A lot of the increased production over the past two years really just comes down to getting a bigger, more consistent role. He went from being a 15-minute per night player over the first part of his career to a 20-minute per night player on a top line. That extra ice time next to All-Star centers has resulted in a spike in his production across the board.
It also creates an interesting long-term question for the Penguins as they will soon have to figure out what all of that production is worth.

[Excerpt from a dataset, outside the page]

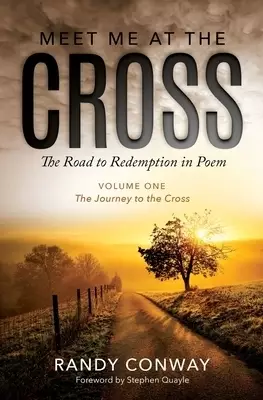 Meet Me At The Cross: The Journey To The Cross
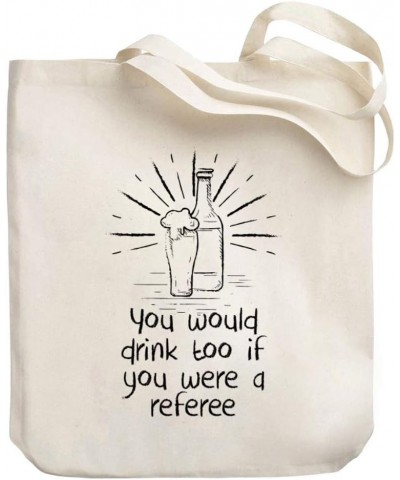 You would drink too if you were a Referee Canvas Tote Bag 10.5" x 16" x 4 $21.99 Totes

Rust will be an unrestricted free agent after next season and assuming he continues on his current path offensively will have earned a significant raise over his current salary cap number. At that point he is going to be a very delicate player to deal with. He is a significant player that not only has developed into a top-line role, but also a player that has helped you win championships. That carries a lot of weight. But he is also going to be 30 years old when his next contract kicks in and you have to consider that you are paying for what you expect him to do going forward, not what he has already accomplished. It is going to be fascinating to see how Ron Hextall and Brian Burke handle it, especially since they personally have no loyalties to Rust (they did not draft him, they did not win with him).
Still, there is another season-and-a-half before the Penguins have to decide what to do with that.
In the meantime Rust is one of the Penguins’ most valuable players and is a big reason they are now all of a sudden contending for the top spot in the East Division.